Evaluation of changes in selected quantitative nanomechanical properties of bacterial cells (adhesion energy, adhesion force, deformation, stiffness, elastic modulus) was performed using PinPoint™ Nanomechanical Mode from Park Systems. For each experimental setup, at least fifteen cells were included in calculations. The final results are expressed as the average of the replicates and the error bars indicate a 95% CI.
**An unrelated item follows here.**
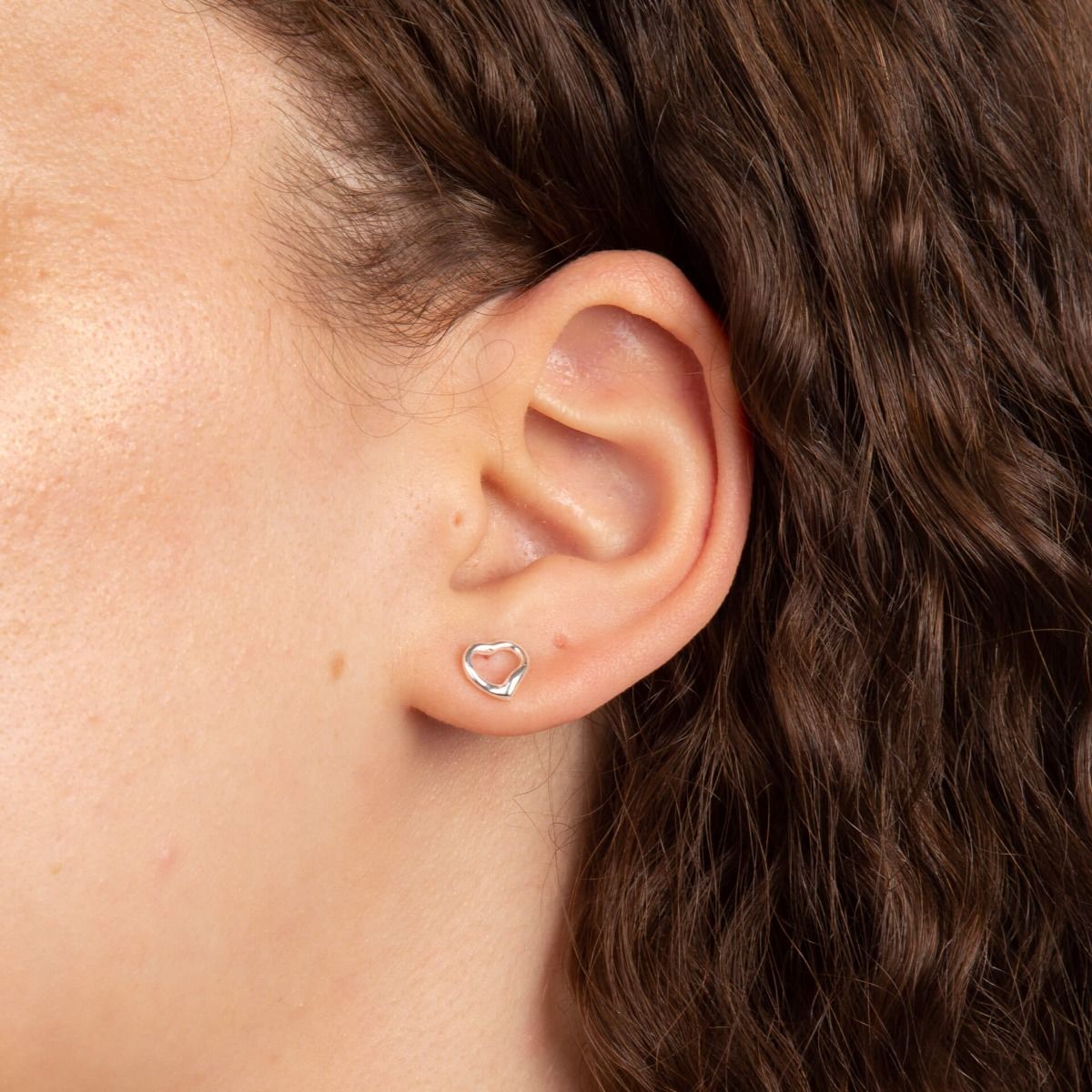 Small Open Heart Stud Earrings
4.6. Analysis of Cell Surface Hydrophobicity and Cell Surface Permeability

For the analysis of biochemical cell surface properties, microbial cultures with and without the addition of azole derivatives were established as described in Section 4.2. After 3 days of cultivating, the cells in the mid-log growth phase were centrifuged (4000× g, 15 min) and washed with DPBS. Afterwards, they were concentrated to reach optical density OD600 = 1.0 ± 0.1. The membrane permeability and cell surface hydrophobicity were measured by measuring the uptake of crystal violet solution by the cells and adsorption of Congo red dye on the surface of the cells [58,59].

4.7. Statisticl Analysis

All of the results presented have been obtained from measurements of three independent experiments (biological replicates). For each biological replicate, three technical repetitions were performed. A statistical significance of differences between the means of the samples was determined by one-way analysis of variance (ANOVA). Tukey’s test was used for multiple comparisons. The significance level was established as 5%. P values calculated report up to four digits after the decimal point and are described in the graphs. In the box and whiskers plots, whiskers represent the 10th to 90th percentiles; the box extends from the 25th to 75th percentiles; midline is plotted at the median, “+” is at the mean value. In the bar plots, error bars indicate a 95% CI and the bars represent the median value. In the violin plots, representing the empirical distribution of the data, midline is plotted at the median and dotted lines represent quartiles (Q1 and Q3). The calculations were performed using GraphPad Prism (GraphPad Software, LLC, San Diego, CA, USA).

5. Conclusions

The experiments performed indicate that the presence of azole antifungal compounds increases bacterial oxidative stress. The strongest differences were noted for the cells cultivated in the presence of fluconazole. The least toxic effect can be attributed to climbazole (due to its lowest modification of bacterial metabolic activity, bacterial shape and glutathione content). AFM observations unraveled molecular details of bacterial cell texture, structure and surface nanomechanical properties. Based on the results obtained, it can be clearly stated that azole antifungals promote the nanoscale modification of the bacterial cell wall. These changes, taken together with modifications of the cell surface hydrophobicity and membrane permeability have been strictly associated with the remodeling of the cell wall structure and its chemical composition. The results of the different modifications of cell metabolic activity, cell membrane permeability as well as the level of glutathione and GSTs’ activity caused by the four azole antifungals are indicative of different mechanisms of action of the compounds studied. This is in good agreement with atomic force microscopy data that showed that cells were not uniformly affected by azole antifungals. A summarizing table showing the effects of each of the azoles on measured cell parameters is available in Table S1. The results presented have provided a significant insight into the strategies used by environmental bacterial cells to survive exposures to toxic and potentially lethal azole antifungal agents. They clearly indicate that azole antifungal residues may be harmful for environmental bacterial strains.